No man should bring children into the world who is unwilling to persevere to the end in their nature and education. — Plato
Human beings are the only creatures on earth that allow their children to come back home. — Bill Cosby
Whatever family dynamics control the transition to adulthood, the law occasionally factors in. Beginning July 1, 2012, Indiana will join the majority of states that end child support at an age younger than 21. The new law essentially moves the age at which the “duty to support” a child ends from 21 down to 19.
In any legal matter–and especially in family courts–it’s important to remember that courts are reactive, not proactive. Courts respond to requests, motions, and petitions of parties.
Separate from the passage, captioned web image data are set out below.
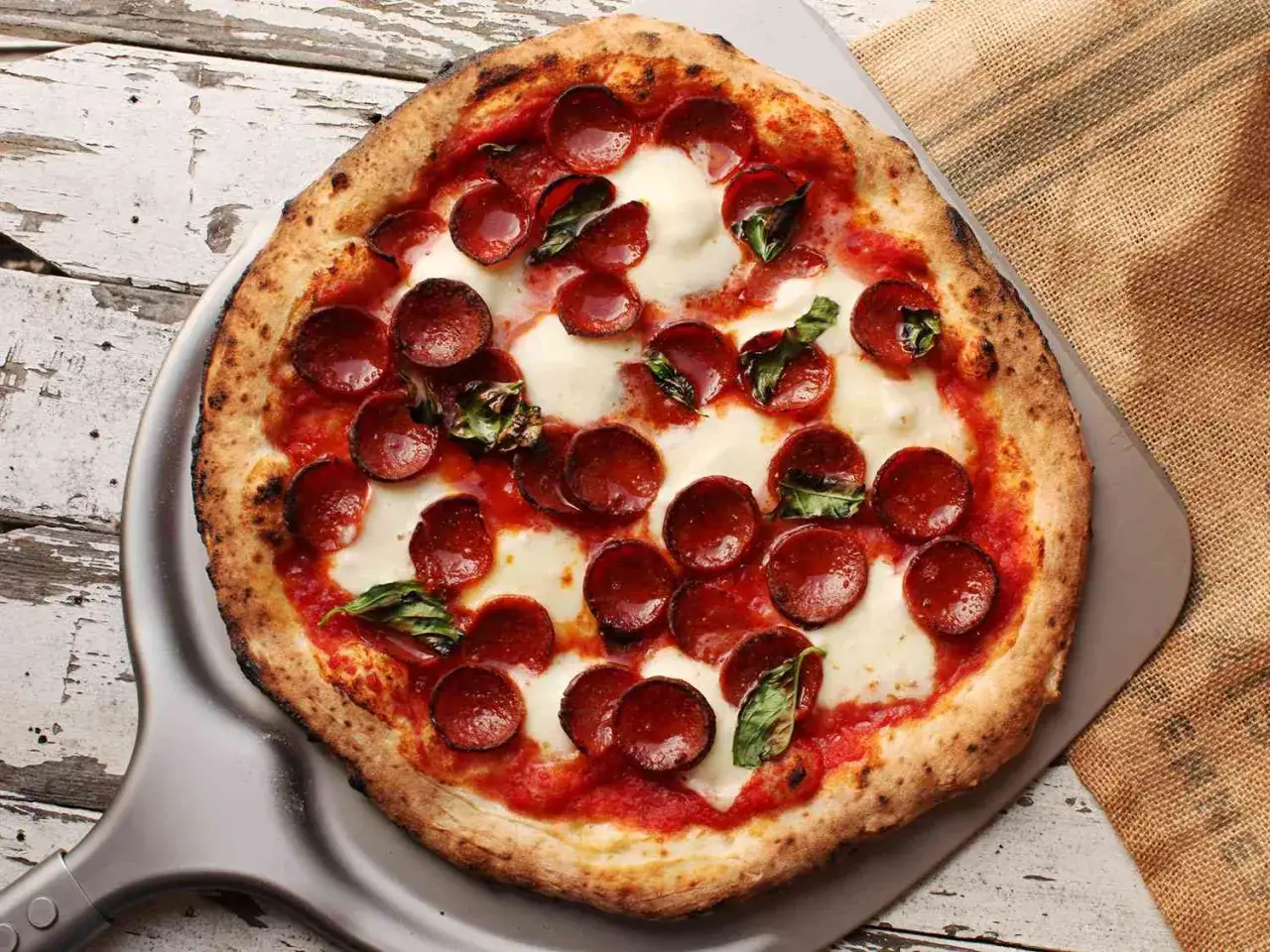En perfekt napolitansk pizza med pepperoni och basilika, redo att serveras på en pizzaspade.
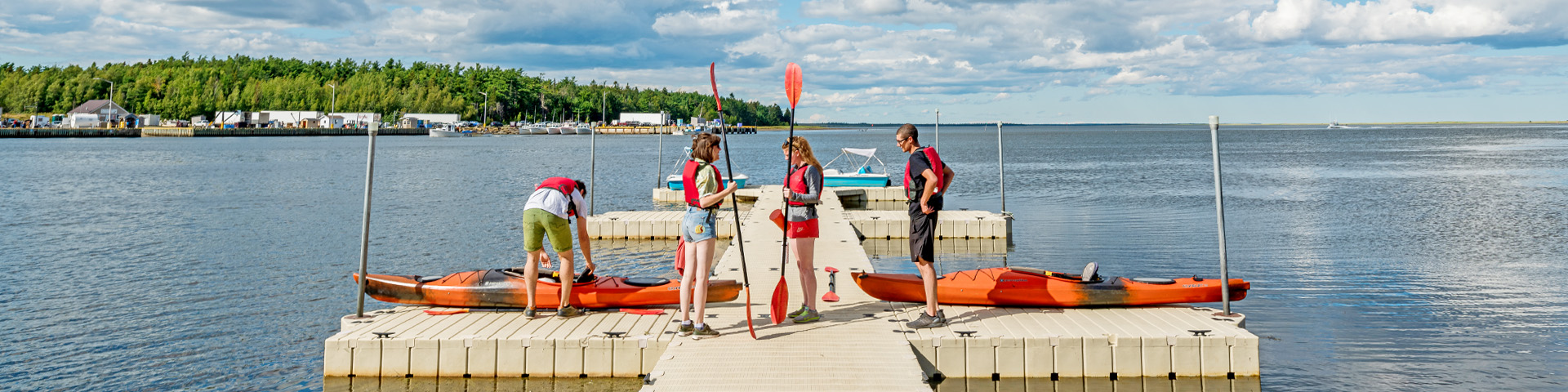 Visitors on a floating dock, with kayaks in the water.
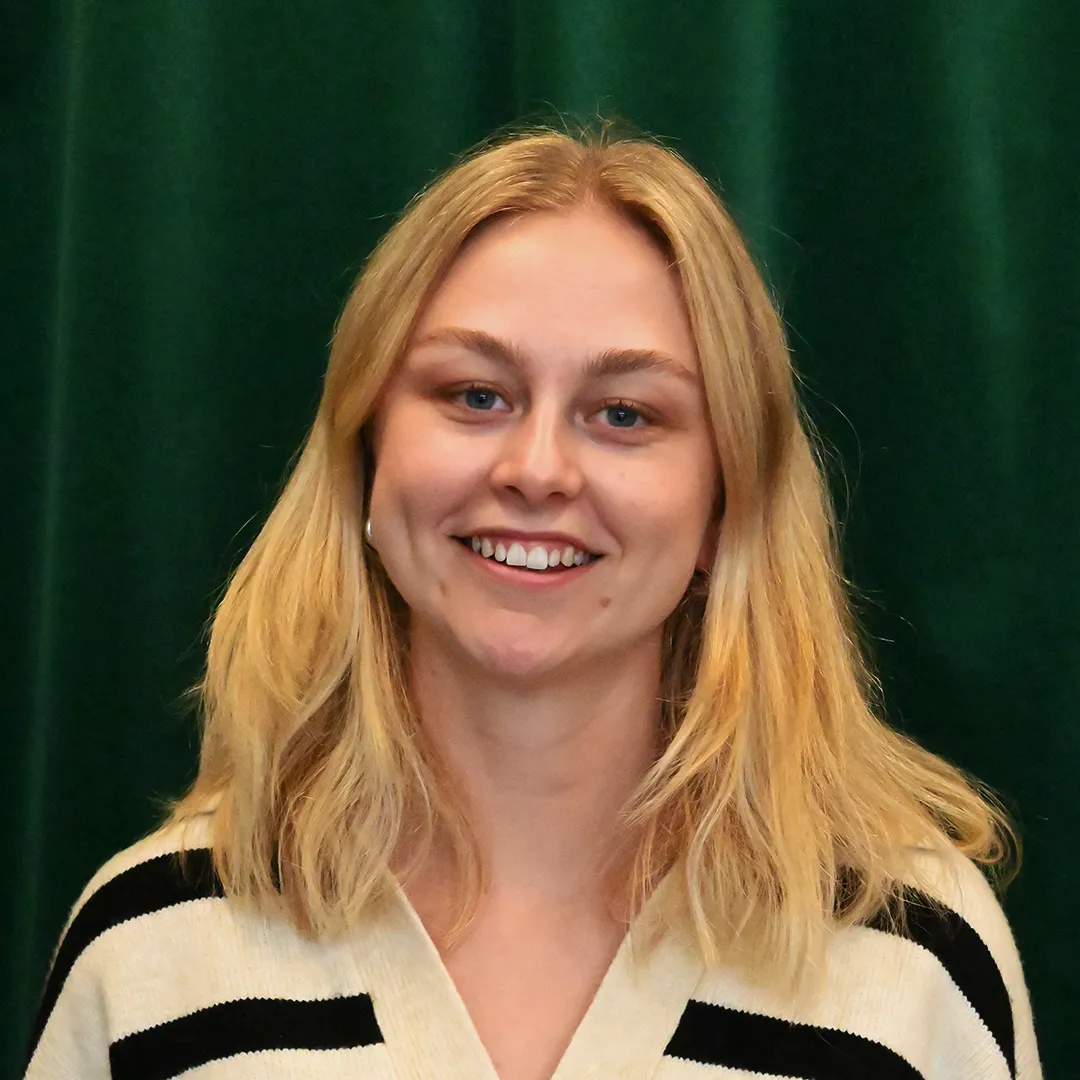 Linn Mattsson Tillberg. Tjej med blont hår, randig tröja framför en grön fond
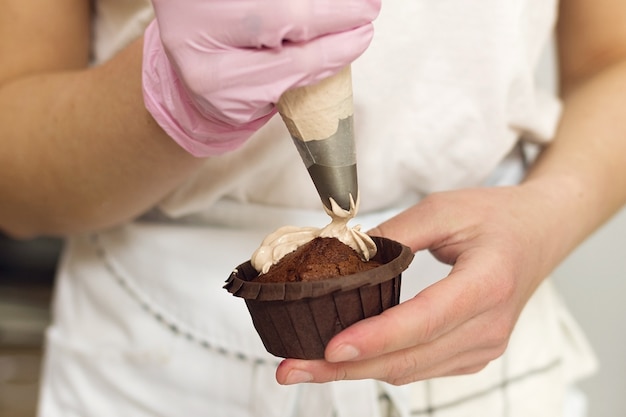 Pastry chef applies cream to chocolate muffin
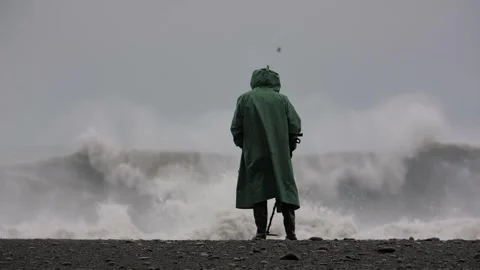 Shot of a man using a metal detector on the beach during a strong storm at sea Stock Footage 300033453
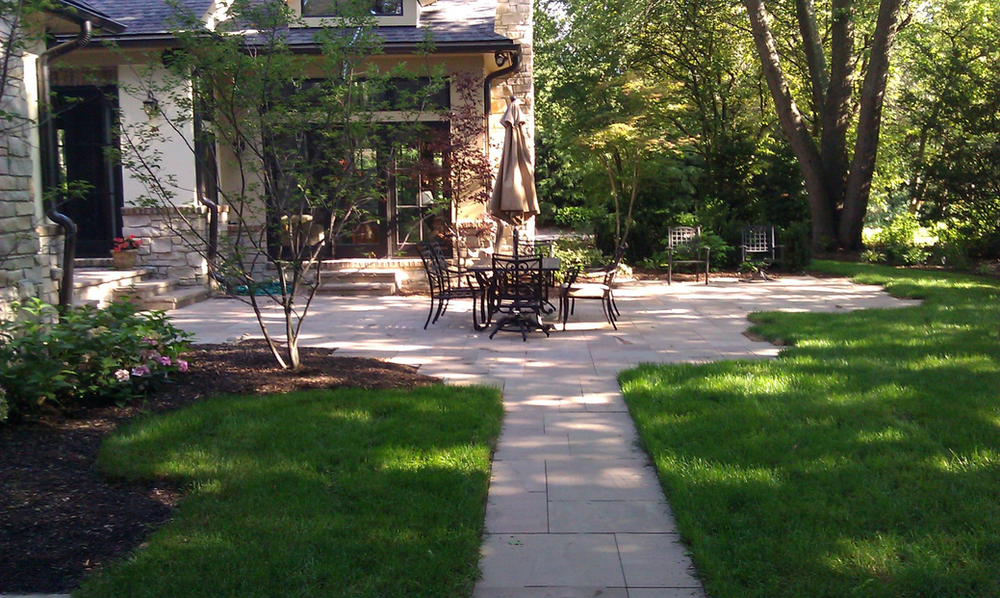 Backyard patio with stone tile flooring, outdoor dining table with chairs and umbrella, surrounded by trees and greenery, and steps leading to a house.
They do not look for opportunities to act or to insert their orders or judgments where no one has sought out their assistance. I have always advised clients to be certain that the court handling the child support matters is aware of the child’s 21st birth date (now 19th) as it approaches, and not leave it to the judge, clerk, or prosecutor to magically make the support end. If the court is not informed, it could lead to overpayment, which leads to the sticky wicket of a support-paying parent asking to get overpayments refunded, which is sometimes difficult to do.
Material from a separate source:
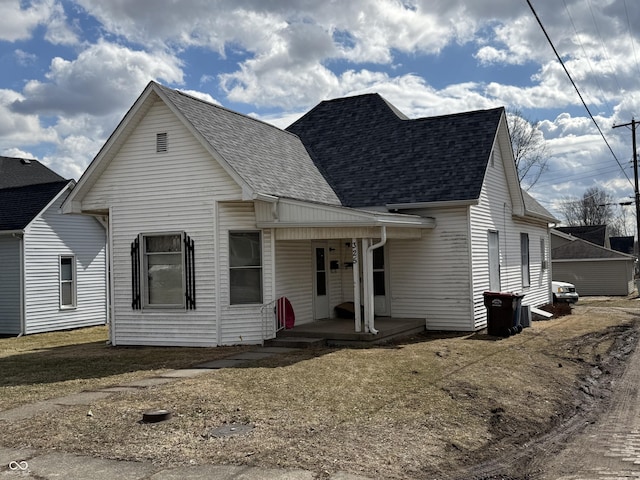 view of front of home featuring a porch and roof with shingles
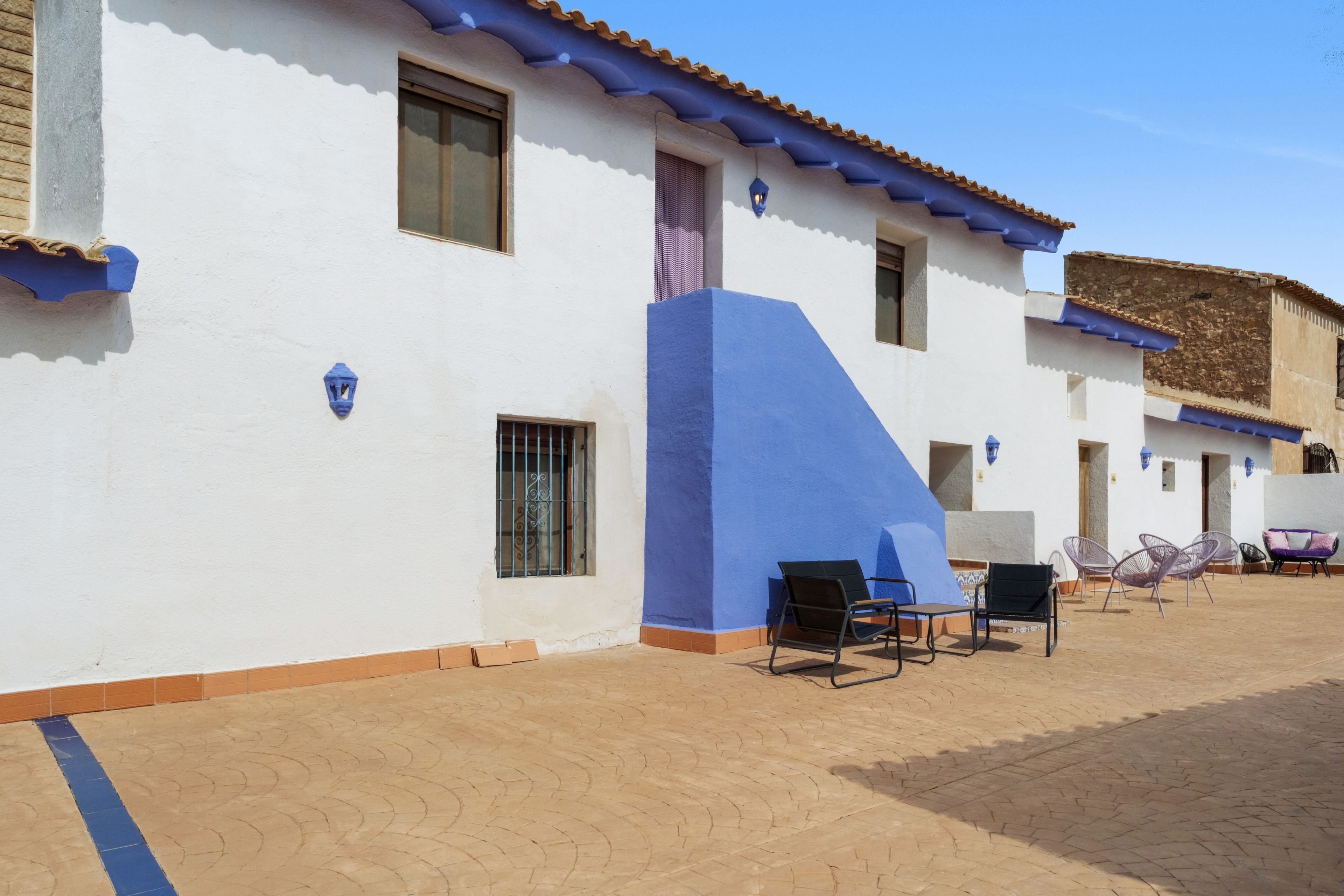 A building with a white exterior and blue accents, featuring a patio area with outdoor seating.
Under the new law, the support-paying parent will have an easier path to end support sooner. That’s not to say that the support paying parent had no solution to the problem of the lazy 19 year-old until now. Traditionally, an ambition-deficient 19 year old who had finished high school, was not in college, and refused to find a job could find himself without child support if a parent could show that the 19 year-old was not under the care or control of either parent and that he was capable of supporting himself. However, this meant the support-paying parent had the legal burden of proving these facts to the court. Otherwise, he would have to wait until the “automatic” support-ending age of 21.
By moving the automatic support-ending age to 19, the new law might cause a rush of court motions in the short-run, but should reduce them over the long haul. I expect that a fair number of petitions will come from those supporting children between ages 19 and 21. The practical difference is that the legal presumption is now in favor of ending support, instead of in favor of maintaining it, for those children 19 or older.
The second important consideration is that the law specifically does not impact “support for educational needs.” In other words, parents can still be required to kick-in money for college when a student is past the age of 19. This is unchanged. However, college support is calculated based upon the costs of college, whereas child support is calculated on the income of the parents, among other factors.
The practical impact on local courts is that it will probably put an end to the practice of what I call “floating support.” Floating Support occurs where a child graduates from high school and goes off to college and rather than put themselves through the tedious and cumbersome college costs calculation, the parents reach a agreement (unwritten or written) to continue to pay regular child support. Because one or both may have to pay attorneys fees and take time off of work to determine a proper amount of college support (which can change as costs rise or fall every year) parents simply use the figure they know, and ignore the actual college costs. Since support now presumptively will end when a child turns 19, the support-paying parent has little incentive agree to pay the regular support amount into college, and will be more likely to put the burden on the support-receiving parent (or the student) to prove college support is needed.
If you have a child who is under 19. Be aware that the duty to support that child now presumptively ends at age 19. If you believe the child should be assisted with college costs, you should make such a request prior to the child turning 19.
If you have a child who is between 19 and 21. Be aware that a court could end the support obligation. If the child is a college student and should be assisted with college costs, you may want to petition the court to enter a college support order.